De inmediato, la memoria —siempre flexible y errática— me
dejó en alguna noche de mi infancia. A veces, a la hora de la cena, mi madre
ponía sobre la mesa ñame y queso. Eso era lo que tocaba. Uno o dos pedazos del
tubérculo hervido y una rodaja de queso blanco salado. A mí me encantaba. Y,
desde entonces, se me activa el recuerdo debajo de la lengua cuando pienso en
esa combinación. El ñame con queso forma parte de los sabores de mi nostalgia.

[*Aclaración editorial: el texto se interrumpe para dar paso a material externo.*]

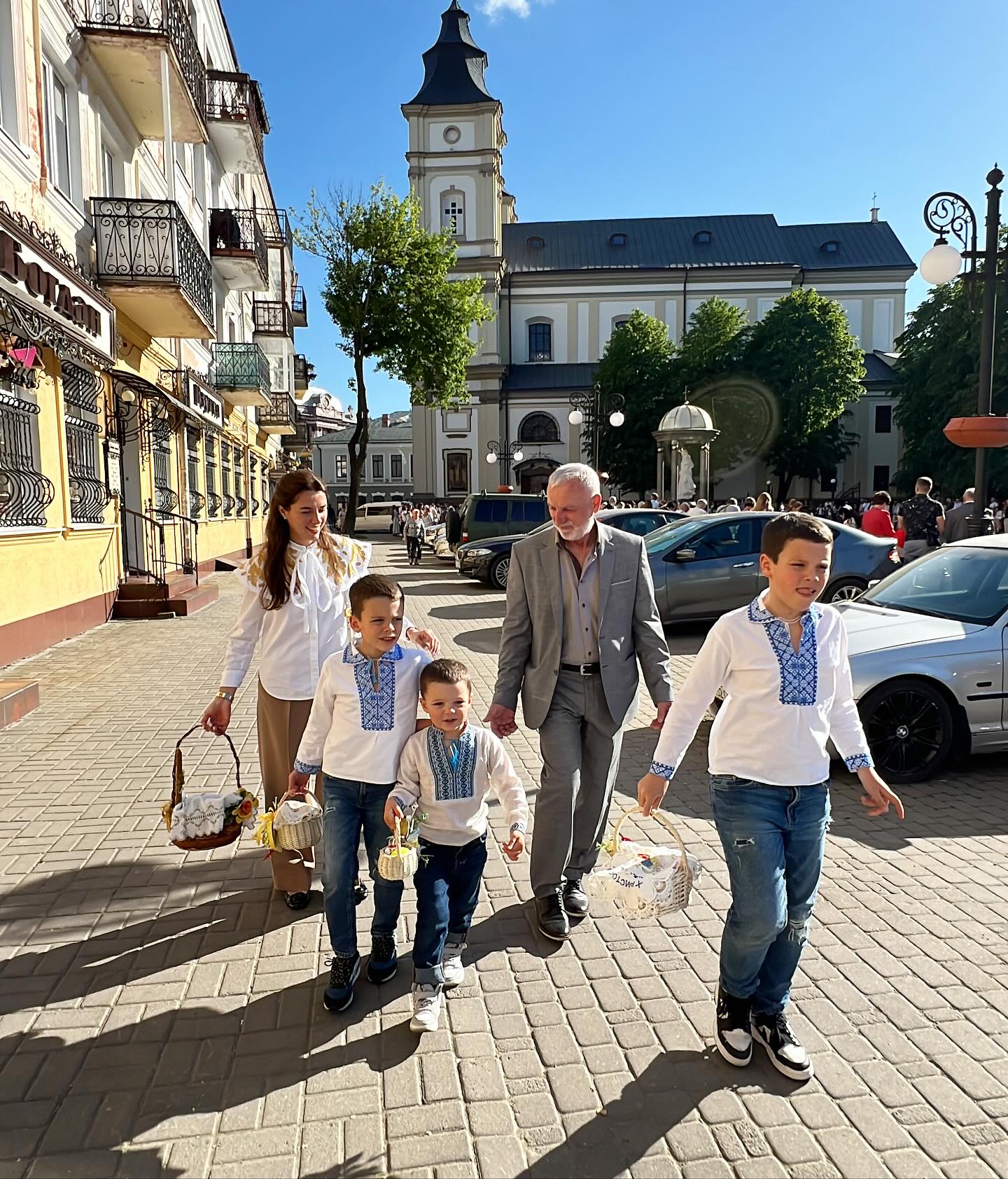 "Мира и небесной поддержки нам всем". Звезды поздравили украинцев с Пасхой (фото)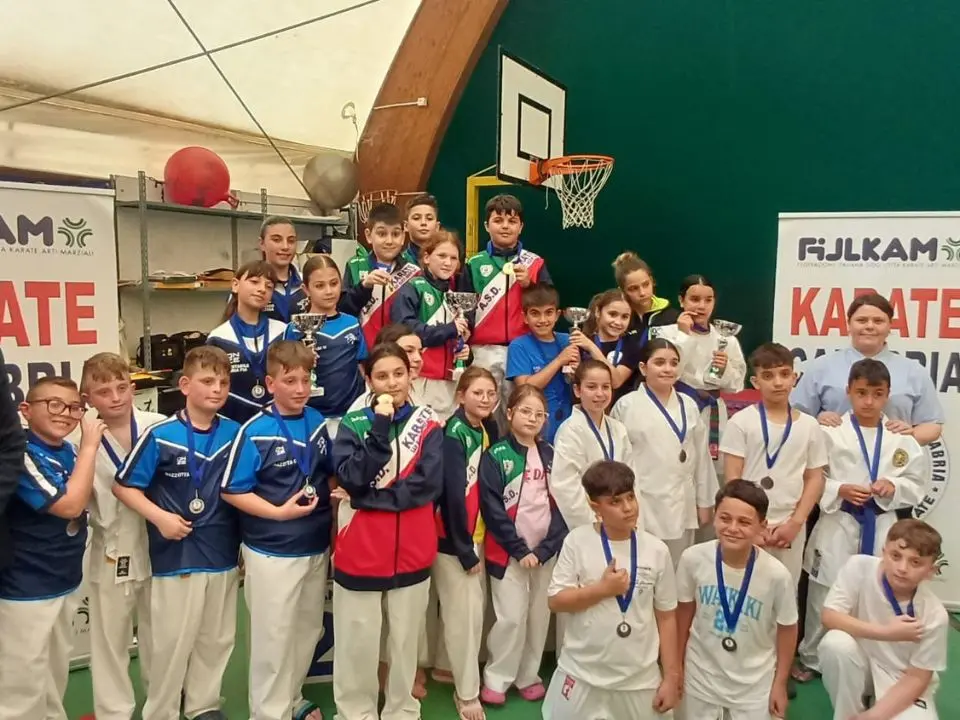 Vibo capitale del Karate per un giorno, la Virtus colleziona medaglie tra gli Under 10 e 12 e si qualifica ai Campionati Italiani Juniores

Pero no es un ideal gastronómico. Si mi madre hubiera podido, de seguro nos
habría servido un bistec con arroz o una rueda de carite sierra con ensalada.
Hacer de la pobreza una utopía me parece indignante.
El gobierno se empeña en no reconocer el hambre. La ve, pero
no la acepta. Prefiere el espejismo que la realidad porque la realidad delata
su ineficacia, su negligencia, su corrupción. Por eso, entonces, el oficialismo
se dedica infamemente a convertir la miseria en una virtud. Desde el año
pasado, lanzaron la campaña “Agarra dato, come sano, come venezolano”. El
proyecto promueve el consumo de verduras y de vegetales producidos en el país,
para tratar de paliar la imposibilidad de la mayoría de la población para
acceder a productos como la carne, el pollo, el pescado, el arroz, las pastas,
la harina… Pero el tiempo ha demostrado que tampoco la ahuyama, la batata, la
yuca o el ñame son tan baratos. Un presupuesto familiar tampoco puede acceder
fácilmente a los —ahora— tan bolivarianos tubérculos. Tal vez por eso mismo la
muchacha de la radio también hablaba de sembrar y de cultivar en cada casa sus
propias cosechas. Todos sabemos que eso es imposible. El futuro de la
revolución está en la calle: el hombre nuevo debe comer basura.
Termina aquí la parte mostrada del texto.